When I first heard "Aquarius," I was not impressed. After the millionth listen, I was in love. You could call me a fanboy, or one of those annoying dudes mindlessly infiltrating message boards all over the internet, telling you, your friends, and even your dog to listen to Haken; that is a crime in which I am guilty. Lock me up and throw away the key. I waited and waited and waited for a follow-up to "Aquarius," and it didn't disappoint. Hell, "Visions" might even surpass the record with its magical essence, but that's not a worthwhile deliberation. However, "Visions" progresses the transcendental songwriting and instrumental mastery of Haken's debut into a new frontier of brilliance, and it only goes to show that Haken is no one-trick pony. Instead, they've maintained the consistency of their debut and added a handful of new tints to their agenda which shine beyond what the human eye can see.

"Visions" generally sounds like a continuation of "Aquarius," but it again goes beyond the spectrum of sight, if you will. For one, the focus on keyboard melodies and situations seems to have been reduced, instead utilizing a guitar-driven approach that focuses more so on sturdy riffs and guitar work.
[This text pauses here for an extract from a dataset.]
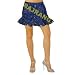Boho Gold Print Crinkle Cotton Short Skirt Dress with Brocade-Lace
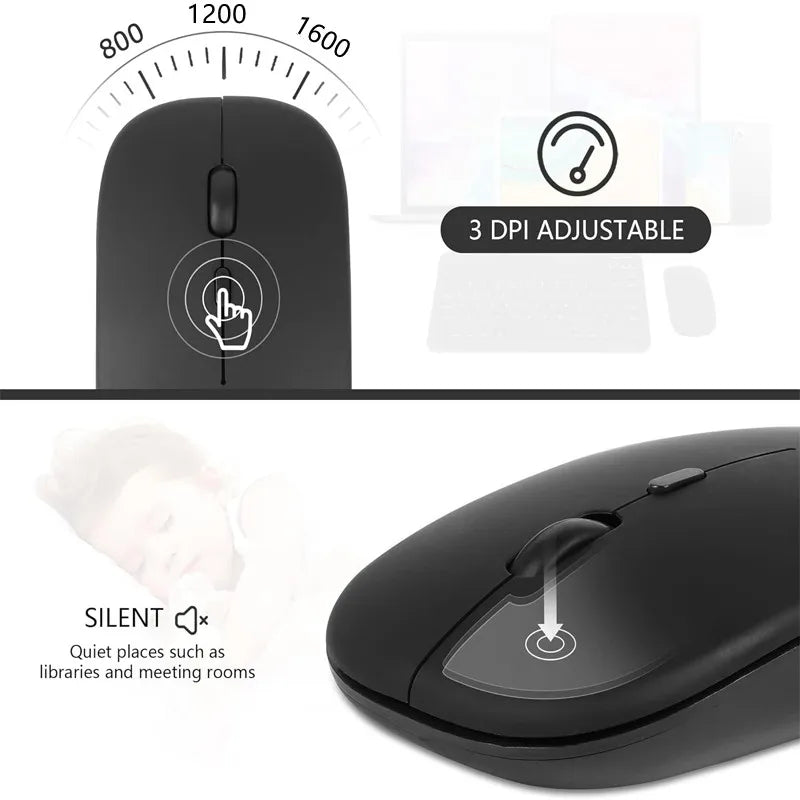 Wireless Mouse with 2.4G Bluetooth-compatible Dual Modes, 1600 DPI Adjustable, Silent Clicking, Portable Ergonomic Laptop Mouse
Even the basic craziness of "Aquarius" seems to have been cut a bit, perhaps traded for a song-driven album that isn't loaded with unpredictable themes or such a deep touch of insanity. "Visions" overall has less to do with the wacky instruments and keyboard postulates featured throughout "Aquarius" anthems like "Celestial Elixir," but it is undeniably the same group of musicians subpoenaing superb music.

And why does it work so well? Well, the dudes of Haken are incredibly cohesive and flexible as songwriters. They manage to add fantastic guitar work and hooking choruses into perplexing anthems like the versatile "Shapeshifter" with so much power that I'm sure Mike Portnoy would piss himself. Haken can basically compose these deep, multi-layered tunes that weave through so many levels and ideas that there's really nothing the listener can do but gawk at the sheer dominance they display on the musical end. Granted, the monolithic title track is certainly the most "progressive" song on the album, and there are masterful sections popping up on such a dazzling scale that it may be the finest thing these Brits have ever created. Overall, the bass work rules, the keys are magical, the guitar work jaw-dropping, and Ross Jennings sounds just as excellent as he did on "Aquarius," thankfully.

As I said, the toned-down songwriting pays off, with huge hits like the record's three-hit combo of "The Mind's Eye," the instrumental "Portals," and the breathtaking "Shapeshifter," just a sample of what makes "Visions" a total smash of an album. And again, there so many exemplary factors that shape Haken's soul that no review or reviewer could plausibly describe the band in a few paragraphs. And as you see, I have no quarrel with "Visions" on any level, and much like its older brother, I've come to truly treasure the sheer ability and prose that flows like blood within the veins of Haken. "Visions" is something more than an album, like a journey through tales of dark premonitions and the understanding of fate, instrumentally provoked and matched into an hour of unbelievable power. There is nothing about Haken that isn't absolutely fascinating, and you are totally missing out on progressive metal's next legend if you aren't meeting eye-to-eye with the magical "Visions."